[TASK DIRECTIONS]:
Set down the lines of the data exactly, starting at the first and stopping after the line containing "Sandales^Arche Sandales Saolme".

[RECORDS FOR THE EXERCISE]:
########################################
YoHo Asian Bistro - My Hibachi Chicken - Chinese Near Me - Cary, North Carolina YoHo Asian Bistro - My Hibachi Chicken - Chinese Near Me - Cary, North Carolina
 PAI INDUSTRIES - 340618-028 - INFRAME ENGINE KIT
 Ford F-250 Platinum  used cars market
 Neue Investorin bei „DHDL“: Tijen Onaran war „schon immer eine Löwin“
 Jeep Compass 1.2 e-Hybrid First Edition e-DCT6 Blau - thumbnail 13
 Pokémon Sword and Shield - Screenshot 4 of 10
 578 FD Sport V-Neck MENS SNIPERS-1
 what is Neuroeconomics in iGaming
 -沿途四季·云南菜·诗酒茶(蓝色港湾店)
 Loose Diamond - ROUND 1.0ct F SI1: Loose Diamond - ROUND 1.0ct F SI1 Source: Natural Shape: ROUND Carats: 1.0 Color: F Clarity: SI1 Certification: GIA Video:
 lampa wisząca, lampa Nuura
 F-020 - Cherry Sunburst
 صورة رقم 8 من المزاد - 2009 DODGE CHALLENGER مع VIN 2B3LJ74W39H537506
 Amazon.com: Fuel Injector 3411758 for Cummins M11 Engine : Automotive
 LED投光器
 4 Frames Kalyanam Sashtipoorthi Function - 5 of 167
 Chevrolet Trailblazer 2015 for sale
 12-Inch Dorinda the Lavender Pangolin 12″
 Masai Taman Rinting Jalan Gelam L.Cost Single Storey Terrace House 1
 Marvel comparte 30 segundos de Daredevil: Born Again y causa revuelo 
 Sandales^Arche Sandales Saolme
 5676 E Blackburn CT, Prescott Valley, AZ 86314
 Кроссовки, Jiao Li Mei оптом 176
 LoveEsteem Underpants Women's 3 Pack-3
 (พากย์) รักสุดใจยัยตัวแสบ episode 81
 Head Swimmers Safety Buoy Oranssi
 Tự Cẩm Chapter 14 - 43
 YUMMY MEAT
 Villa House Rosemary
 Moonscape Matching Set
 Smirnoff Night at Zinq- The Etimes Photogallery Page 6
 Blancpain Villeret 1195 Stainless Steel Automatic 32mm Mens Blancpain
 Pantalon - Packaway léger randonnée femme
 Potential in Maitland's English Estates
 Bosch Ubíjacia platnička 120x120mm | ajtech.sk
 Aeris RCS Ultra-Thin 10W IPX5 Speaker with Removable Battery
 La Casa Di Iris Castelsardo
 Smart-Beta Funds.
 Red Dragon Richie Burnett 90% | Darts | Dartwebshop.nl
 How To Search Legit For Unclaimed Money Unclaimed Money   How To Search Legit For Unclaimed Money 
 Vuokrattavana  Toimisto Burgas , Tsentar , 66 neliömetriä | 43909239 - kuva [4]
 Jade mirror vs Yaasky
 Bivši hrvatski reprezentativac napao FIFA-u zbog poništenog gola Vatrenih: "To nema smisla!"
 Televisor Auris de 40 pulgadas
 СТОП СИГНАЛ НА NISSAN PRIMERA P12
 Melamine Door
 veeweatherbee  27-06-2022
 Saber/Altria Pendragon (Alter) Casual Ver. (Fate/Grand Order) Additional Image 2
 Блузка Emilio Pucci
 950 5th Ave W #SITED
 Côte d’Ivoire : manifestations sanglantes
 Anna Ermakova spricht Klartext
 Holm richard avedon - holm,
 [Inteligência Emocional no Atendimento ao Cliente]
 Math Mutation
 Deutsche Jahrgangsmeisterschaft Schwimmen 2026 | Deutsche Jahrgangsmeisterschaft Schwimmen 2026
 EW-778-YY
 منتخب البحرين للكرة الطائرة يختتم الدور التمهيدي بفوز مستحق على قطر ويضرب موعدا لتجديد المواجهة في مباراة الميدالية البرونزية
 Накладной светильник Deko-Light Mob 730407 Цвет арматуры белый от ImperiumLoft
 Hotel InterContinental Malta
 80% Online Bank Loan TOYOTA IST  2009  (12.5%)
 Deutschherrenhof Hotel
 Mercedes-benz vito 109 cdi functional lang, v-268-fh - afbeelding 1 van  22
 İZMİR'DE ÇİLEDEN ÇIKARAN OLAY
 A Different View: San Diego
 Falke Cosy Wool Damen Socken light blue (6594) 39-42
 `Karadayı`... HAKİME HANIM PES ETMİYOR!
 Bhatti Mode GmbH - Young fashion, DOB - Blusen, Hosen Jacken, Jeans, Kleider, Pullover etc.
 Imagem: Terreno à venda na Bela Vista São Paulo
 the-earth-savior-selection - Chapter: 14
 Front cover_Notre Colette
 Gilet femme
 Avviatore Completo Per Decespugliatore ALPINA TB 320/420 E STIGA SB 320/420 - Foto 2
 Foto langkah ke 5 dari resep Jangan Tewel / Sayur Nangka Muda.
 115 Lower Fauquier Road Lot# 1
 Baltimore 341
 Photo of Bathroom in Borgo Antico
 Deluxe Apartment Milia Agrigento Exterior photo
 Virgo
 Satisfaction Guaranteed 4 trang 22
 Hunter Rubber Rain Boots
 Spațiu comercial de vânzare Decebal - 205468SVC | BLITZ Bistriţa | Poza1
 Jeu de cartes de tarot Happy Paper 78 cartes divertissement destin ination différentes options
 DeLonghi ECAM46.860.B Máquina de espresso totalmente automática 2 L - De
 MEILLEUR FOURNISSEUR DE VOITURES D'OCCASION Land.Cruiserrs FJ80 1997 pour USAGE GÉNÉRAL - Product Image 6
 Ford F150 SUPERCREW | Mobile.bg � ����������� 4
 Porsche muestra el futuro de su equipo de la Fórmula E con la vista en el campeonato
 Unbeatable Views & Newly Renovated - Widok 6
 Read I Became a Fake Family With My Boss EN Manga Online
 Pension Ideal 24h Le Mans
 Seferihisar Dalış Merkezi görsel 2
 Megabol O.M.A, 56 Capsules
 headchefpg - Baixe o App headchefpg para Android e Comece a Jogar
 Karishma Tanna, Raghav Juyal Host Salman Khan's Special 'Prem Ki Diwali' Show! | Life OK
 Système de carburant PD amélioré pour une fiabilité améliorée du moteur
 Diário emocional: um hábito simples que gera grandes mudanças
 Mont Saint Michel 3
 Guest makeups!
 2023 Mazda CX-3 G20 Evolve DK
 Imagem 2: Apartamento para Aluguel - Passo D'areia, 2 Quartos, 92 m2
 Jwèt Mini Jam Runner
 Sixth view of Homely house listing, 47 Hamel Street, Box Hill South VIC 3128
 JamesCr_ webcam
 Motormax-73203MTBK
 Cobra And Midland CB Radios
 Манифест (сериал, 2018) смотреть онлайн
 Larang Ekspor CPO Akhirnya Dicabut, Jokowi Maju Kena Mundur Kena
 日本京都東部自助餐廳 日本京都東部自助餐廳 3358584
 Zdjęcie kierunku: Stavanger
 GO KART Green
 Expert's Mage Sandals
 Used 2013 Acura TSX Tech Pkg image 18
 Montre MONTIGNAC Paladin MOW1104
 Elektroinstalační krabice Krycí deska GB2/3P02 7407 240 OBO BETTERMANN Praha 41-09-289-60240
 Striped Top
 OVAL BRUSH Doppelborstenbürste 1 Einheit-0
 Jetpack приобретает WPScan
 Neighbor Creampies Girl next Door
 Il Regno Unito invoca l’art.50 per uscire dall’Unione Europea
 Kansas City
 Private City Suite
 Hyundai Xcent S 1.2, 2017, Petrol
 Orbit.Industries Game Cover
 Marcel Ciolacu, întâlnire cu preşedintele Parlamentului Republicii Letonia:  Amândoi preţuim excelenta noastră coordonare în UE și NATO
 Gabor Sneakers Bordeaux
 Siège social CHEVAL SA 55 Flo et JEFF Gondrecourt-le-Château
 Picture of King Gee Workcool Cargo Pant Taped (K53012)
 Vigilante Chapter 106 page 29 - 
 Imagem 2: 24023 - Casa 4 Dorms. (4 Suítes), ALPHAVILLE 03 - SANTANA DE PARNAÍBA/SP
########################################
[SOLUTION TO THE PROBLEM]:
YoHo Asian Bistro - My Hibachi Chicken - Chinese Near Me - Cary, North Carolina YoHo Asian Bistro - My Hibachi Chicken - Chinese Near Me - Cary, North Carolina
 PAI INDUSTRIES - 340618-028 - INFRAME ENGINE KIT
 Ford F-250 Platinum  used cars market
 Neue Investorin bei „DHDL“: Tijen Onaran war „schon immer eine Löwin“
 Jeep Compass 1.2 e-Hybrid First Edition e-DCT6 Blau - thumbnail 13
 Pokémon Sword and Shield - Screenshot 4 of 10
 578 FD Sport V-Neck MENS SNIPERS-1
 what is Neuroeconomics in iGaming
 -沿途四季·云南菜·诗酒茶(蓝色港湾店)
 Loose Diamond - ROUND 1.0ct F SI1: Loose Diamond - ROUND 1.0ct F SI1 Source: Natural Shape: ROUND Carats: 1.0 Color: F Clarity: SI1 Certification: GIA Video:
 lampa wisząca, lampa Nuura
 F-020 - Cherry Sunburst
 صورة رقم 8 من المزاد - 2009 DODGE CHALLENGER مع VIN 2B3LJ74W39H537506
 Amazon.com: Fuel Injector 3411758 for Cummins M11 Engine : Automotive
 LED投光器
 4 Frames Kalyanam Sashtipoorthi Function - 5 of 167
 Chevrolet Trailblazer 2015 for sale
 12-Inch Dorinda the Lavender Pangolin 12″
 Masai Taman Rinting Jalan Gelam L.Cost Single Storey Terrace House 1
 Marvel comparte 30 segundos de Daredevil: Born Again y causa revuelo 
 Sandales^Arche Sandales Saolme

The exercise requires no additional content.